**ASSIGNED TASK:** Key in the whole listing below again, keeping every word as it is.
########################################
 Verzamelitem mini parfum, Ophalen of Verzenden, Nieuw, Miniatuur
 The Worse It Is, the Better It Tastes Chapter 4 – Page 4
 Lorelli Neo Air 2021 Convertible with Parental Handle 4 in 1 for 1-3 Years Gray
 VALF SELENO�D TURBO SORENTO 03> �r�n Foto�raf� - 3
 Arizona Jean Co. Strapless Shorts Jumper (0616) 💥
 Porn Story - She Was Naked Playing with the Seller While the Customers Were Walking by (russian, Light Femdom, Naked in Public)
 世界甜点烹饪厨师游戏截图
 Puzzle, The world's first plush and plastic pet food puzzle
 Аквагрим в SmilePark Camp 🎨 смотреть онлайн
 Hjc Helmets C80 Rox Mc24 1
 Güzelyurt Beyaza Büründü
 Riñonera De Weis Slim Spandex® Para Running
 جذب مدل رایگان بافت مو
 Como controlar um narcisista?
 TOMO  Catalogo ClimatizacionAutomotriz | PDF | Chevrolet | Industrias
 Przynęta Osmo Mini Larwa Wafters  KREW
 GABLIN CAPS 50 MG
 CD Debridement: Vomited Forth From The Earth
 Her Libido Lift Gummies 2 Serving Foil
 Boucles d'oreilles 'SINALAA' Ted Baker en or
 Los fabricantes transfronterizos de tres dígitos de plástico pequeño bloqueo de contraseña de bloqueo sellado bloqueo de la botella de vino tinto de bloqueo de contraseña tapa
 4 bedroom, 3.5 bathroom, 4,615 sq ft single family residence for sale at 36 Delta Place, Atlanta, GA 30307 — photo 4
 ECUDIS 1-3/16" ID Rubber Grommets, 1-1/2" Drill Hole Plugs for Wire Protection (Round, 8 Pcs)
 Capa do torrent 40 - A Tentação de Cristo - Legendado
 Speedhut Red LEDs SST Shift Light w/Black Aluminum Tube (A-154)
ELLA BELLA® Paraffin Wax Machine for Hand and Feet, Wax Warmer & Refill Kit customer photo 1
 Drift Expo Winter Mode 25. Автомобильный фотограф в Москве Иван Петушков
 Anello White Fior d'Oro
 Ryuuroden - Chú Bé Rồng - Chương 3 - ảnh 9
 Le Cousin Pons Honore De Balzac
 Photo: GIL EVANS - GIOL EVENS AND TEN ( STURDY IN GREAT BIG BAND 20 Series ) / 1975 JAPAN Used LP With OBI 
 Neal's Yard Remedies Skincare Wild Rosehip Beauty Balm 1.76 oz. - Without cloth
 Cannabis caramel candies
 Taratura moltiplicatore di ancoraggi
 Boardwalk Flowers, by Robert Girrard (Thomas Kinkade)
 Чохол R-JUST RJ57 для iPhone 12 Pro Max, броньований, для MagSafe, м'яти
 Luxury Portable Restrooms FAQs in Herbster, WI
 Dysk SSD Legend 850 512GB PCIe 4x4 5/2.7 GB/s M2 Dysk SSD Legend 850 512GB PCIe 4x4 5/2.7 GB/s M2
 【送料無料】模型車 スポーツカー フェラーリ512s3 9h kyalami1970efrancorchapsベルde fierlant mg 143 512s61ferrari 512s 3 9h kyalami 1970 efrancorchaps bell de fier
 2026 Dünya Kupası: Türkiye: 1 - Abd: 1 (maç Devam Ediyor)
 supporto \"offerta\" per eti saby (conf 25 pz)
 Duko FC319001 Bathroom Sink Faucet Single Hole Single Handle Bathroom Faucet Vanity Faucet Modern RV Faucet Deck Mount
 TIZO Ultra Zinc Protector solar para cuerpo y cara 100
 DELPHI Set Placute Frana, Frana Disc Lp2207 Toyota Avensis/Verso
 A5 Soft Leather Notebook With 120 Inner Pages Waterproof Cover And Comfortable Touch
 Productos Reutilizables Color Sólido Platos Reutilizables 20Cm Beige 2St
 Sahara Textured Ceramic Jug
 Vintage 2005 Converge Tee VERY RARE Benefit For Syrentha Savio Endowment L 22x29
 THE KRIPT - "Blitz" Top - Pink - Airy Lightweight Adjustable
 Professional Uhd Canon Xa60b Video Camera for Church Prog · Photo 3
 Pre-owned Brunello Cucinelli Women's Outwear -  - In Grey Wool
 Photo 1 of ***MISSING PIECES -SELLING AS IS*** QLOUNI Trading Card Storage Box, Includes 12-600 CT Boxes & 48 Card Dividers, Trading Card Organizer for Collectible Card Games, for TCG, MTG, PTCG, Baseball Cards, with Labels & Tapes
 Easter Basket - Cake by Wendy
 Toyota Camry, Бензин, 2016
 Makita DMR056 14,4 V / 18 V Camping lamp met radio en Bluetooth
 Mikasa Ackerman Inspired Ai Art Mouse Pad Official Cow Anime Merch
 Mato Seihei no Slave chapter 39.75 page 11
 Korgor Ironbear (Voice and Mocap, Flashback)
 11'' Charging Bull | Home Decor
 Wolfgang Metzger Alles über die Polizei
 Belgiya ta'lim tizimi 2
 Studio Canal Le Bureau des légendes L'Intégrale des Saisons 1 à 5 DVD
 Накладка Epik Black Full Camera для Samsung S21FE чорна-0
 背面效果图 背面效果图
########################################
**ANSWER TO THE PROBLEM:**
 Verzamelitem mini parfum, Ophalen of Verzenden, Nieuw, Miniatuur
 The Worse It Is, the Better It Tastes Chapter 4 – Page 4
 Lorelli Neo Air 2021 Convertible with Parental Handle 4 in 1 for 1-3 Years Gray
 VALF SELENO�D TURBO SORENTO 03> �r�n Foto�raf� - 3
 Arizona Jean Co. Strapless Shorts Jumper (0616) 💥
 Porn Story - She Was Naked Playing with the Seller While the Customers Were Walking by (russian, Light Femdom, Naked in Public)
 世界甜点烹饪厨师游戏截图
 Puzzle, The world's first plush and plastic pet food puzzle
 Аквагрим в SmilePark Camp 🎨 смотреть онлайн
 Hjc Helmets C80 Rox Mc24 1
 Güzelyurt Beyaza Büründü
 Riñonera De Weis Slim Spandex® Para Running
 جذب مدل رایگان بافت مو
 Como controlar um narcisista?
 TOMO  Catalogo ClimatizacionAutomotriz | PDF | Chevrolet | Industrias
 Przynęta Osmo Mini Larwa Wafters  KREW
 GABLIN CAPS 50 MG
 CD Debridement: Vomited Forth From The Earth
 Her Libido Lift Gummies 2 Serving Foil
 Boucles d'oreilles 'SINALAA' Ted Baker en or
 Los fabricantes transfronterizos de tres dígitos de plástico pequeño bloqueo de contraseña de bloqueo sellado bloqueo de la botella de vino tinto de bloqueo de contraseña tapa
 4 bedroom, 3.5 bathroom, 4,615 sq ft single family residence for sale at 36 Delta Place, Atlanta, GA 30307 — photo 4
 ECUDIS 1-3/16" ID Rubber Grommets, 1-1/2" Drill Hole Plugs for Wire Protection (Round, 8 Pcs)
 Capa do torrent 40 - A Tentação de Cristo - Legendado
 Speedhut Red LEDs SST Shift Light w/Black Aluminum Tube (A-154)
ELLA BELLA® Paraffin Wax Machine for Hand and Feet, Wax Warmer & Refill Kit customer photo 1
 Drift Expo Winter Mode 25. Автомобильный фотограф в Москве Иван Петушков
 Anello White Fior d'Oro
 Ryuuroden - Chú Bé Rồng - Chương 3 - ảnh 9
 Le Cousin Pons Honore De Balzac
 Photo: GIL EVANS - GIOL EVENS AND TEN ( STURDY IN GREAT BIG BAND 20 Series ) / 1975 JAPAN Used LP With OBI 
 Neal's Yard Remedies Skincare Wild Rosehip Beauty Balm 1.76 oz. - Without cloth
 Cannabis caramel candies
 Taratura moltiplicatore di ancoraggi
 Boardwalk Flowers, by Robert Girrard (Thomas Kinkade)
 Чохол R-JUST RJ57 для iPhone 12 Pro Max, броньований, для MagSafe, м'яти
 Luxury Portable Restrooms FAQs in Herbster, WI
 Dysk SSD Legend 850 512GB PCIe 4x4 5/2.7 GB/s M2 Dysk SSD Legend 850 512GB PCIe 4x4 5/2.7 GB/s M2
 【送料無料】模型車 スポーツカー フェラーリ512s3 9h kyalami1970efrancorchapsベルde fierlant mg 143 512s61ferrari 512s 3 9h kyalami 1970 efrancorchaps bell de fier
 2026 Dünya Kupası: Türkiye: 1 - Abd: 1 (maç Devam Ediyor)
 supporto \"offerta\" per eti saby (conf 25 pz)
 Duko FC319001 Bathroom Sink Faucet Single Hole Single Handle Bathroom Faucet Vanity Faucet Modern RV Faucet Deck Mount
 TIZO Ultra Zinc Protector solar para cuerpo y cara 100
 DELPHI Set Placute Frana, Frana Disc Lp2207 Toyota Avensis/Verso
 A5 Soft Leather Notebook With 120 Inner Pages Waterproof Cover And Comfortable Touch
 Productos Reutilizables Color Sólido Platos Reutilizables 20Cm Beige 2St
 Sahara Textured Ceramic Jug
 Vintage 2005 Converge Tee VERY RARE Benefit For Syrentha Savio Endowment L 22x29
 THE KRIPT - "Blitz" Top - Pink - Airy Lightweight Adjustable
 Professional Uhd Canon Xa60b Video Camera for Church Prog · Photo 3
 Pre-owned Brunello Cucinelli Women's Outwear -  - In Grey Wool
 Photo 1 of ***MISSING PIECES -SELLING AS IS*** QLOUNI Trading Card Storage Box, Includes 12-600 CT Boxes & 48 Card Dividers, Trading Card Organizer for Collectible Card Games, for TCG, MTG, PTCG, Baseball Cards, with Labels & Tapes
 Easter Basket - Cake by Wendy
 Toyota Camry, Бензин, 2016
 Makita DMR056 14,4 V / 18 V Camping lamp met radio en Bluetooth
 Mikasa Ackerman Inspired Ai Art Mouse Pad Official Cow Anime Merch
 Mato Seihei no Slave chapter 39.75 page 11
 Korgor Ironbear (Voice and Mocap, Flashback)
 11'' Charging Bull | Home Decor
 Wolfgang Metzger Alles über die Polizei
 Belgiya ta'lim tizimi 2
 Studio Canal Le Bureau des légendes L'Intégrale des Saisons 1 à 5 DVD
 Накладка Epik Black Full Camera для Samsung S21FE чорна-0
 背面效果图 背面效果图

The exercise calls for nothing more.